Contrary to popular belief, it is still legal and effective to send businesses sales emails under GDPR and CAN-SPAM. This article dispels the myths around cold emailing under the new regulations and gives you some simple, actionable tips to ensure your campaigns stay compliant.

The General Data Protection Regulation is a legal regulation issued by the Council of the European Union and The European Parliament. Its main purpose is to protect the personal data of EU citizens.

GDPR is not about cold emailing. It is not about businesses. It is about personal data protection.

However, sending business emails does mean processing personal data so there are some key things you need to keep in mind when emailing in a post-GDPR environment.

There are 4 keys to sending GDPR complaint cold emails:

1. Ensure your prospect is targeted and relevant
2. Explain your legitimate interest in your email
3. Provide a way for the prospect to unsubscribe
4. Only keep data for as long as necessary

GDPR protects individuals, NOT businesses. The EU states that: “The proposed Regulation on Privacy and Electronic Communications will increase the protection of people’s private life and open up new opportunities for business.”The ePrivacy Regulation specifically leaves it up to the individual countries within the EU to decide whether ‘unsolicited commercial communications’ (a.k.a B2B cold email campaigns) should be opt-in or opt-out.

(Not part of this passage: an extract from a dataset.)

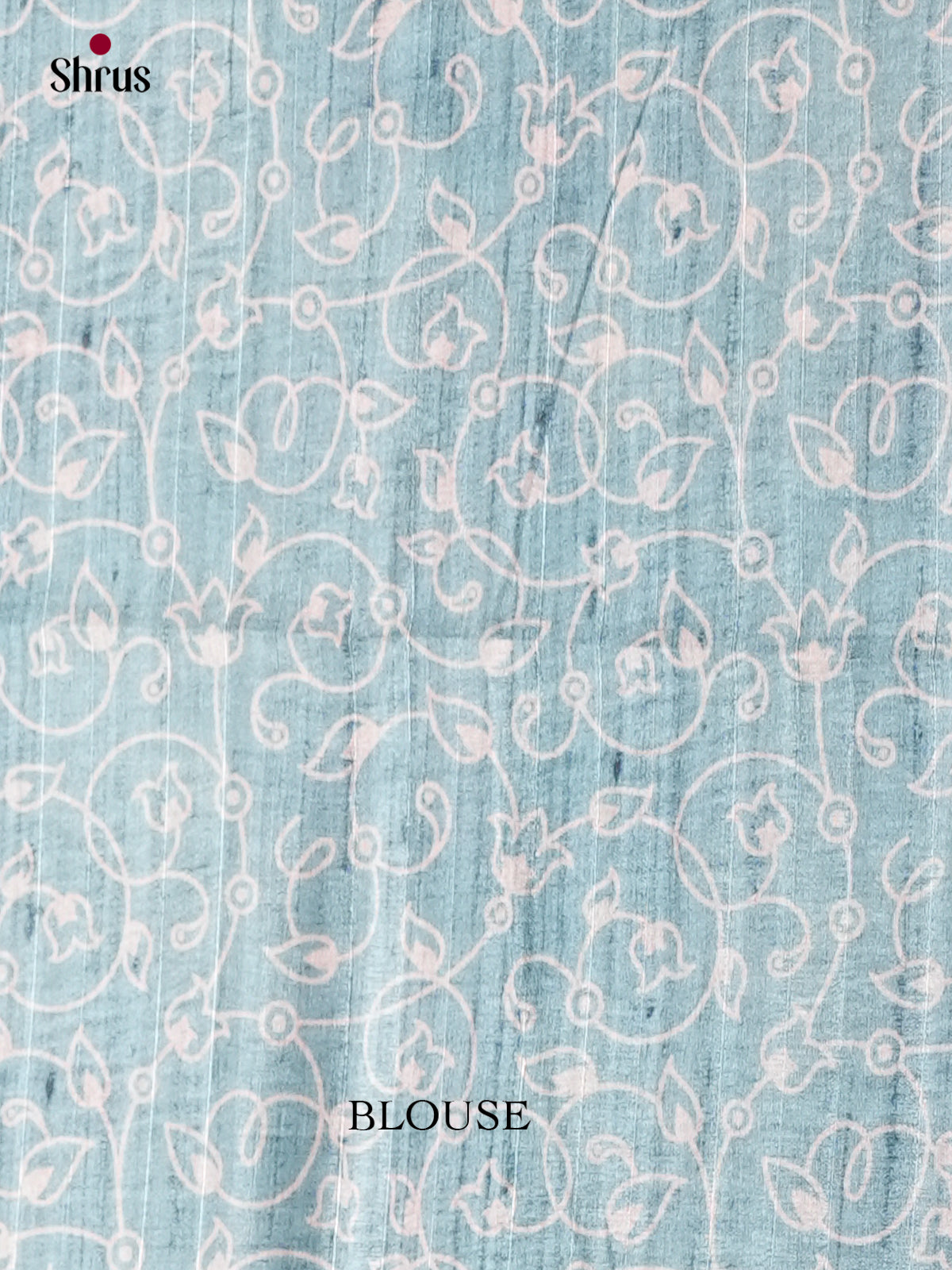 Printed Semi Tussar Saree - ECS12028 - Shop on Shrus.com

In the UK we have opted to follow PECR (the Privacy and Electronic Communications Regulations of 2003) which means that business to business communications do not require opt-in consent.

Whilst some countries have rules against scraping emails from the internet, Prospect Plus' tool actually guesses and verifies the email address, as opposed to scraping them or buying them, like many other providers. This makes Prospect Plus' cold email service compliant in almost every country globally.

The data we do store on individuals is already available in the public domain. This includes their full name, job title, company, location (as per LinkedIn) and email address.

We take every precaution to only store data for as long as necessary and to restrict access to only those who need access for the purpose of the campaign.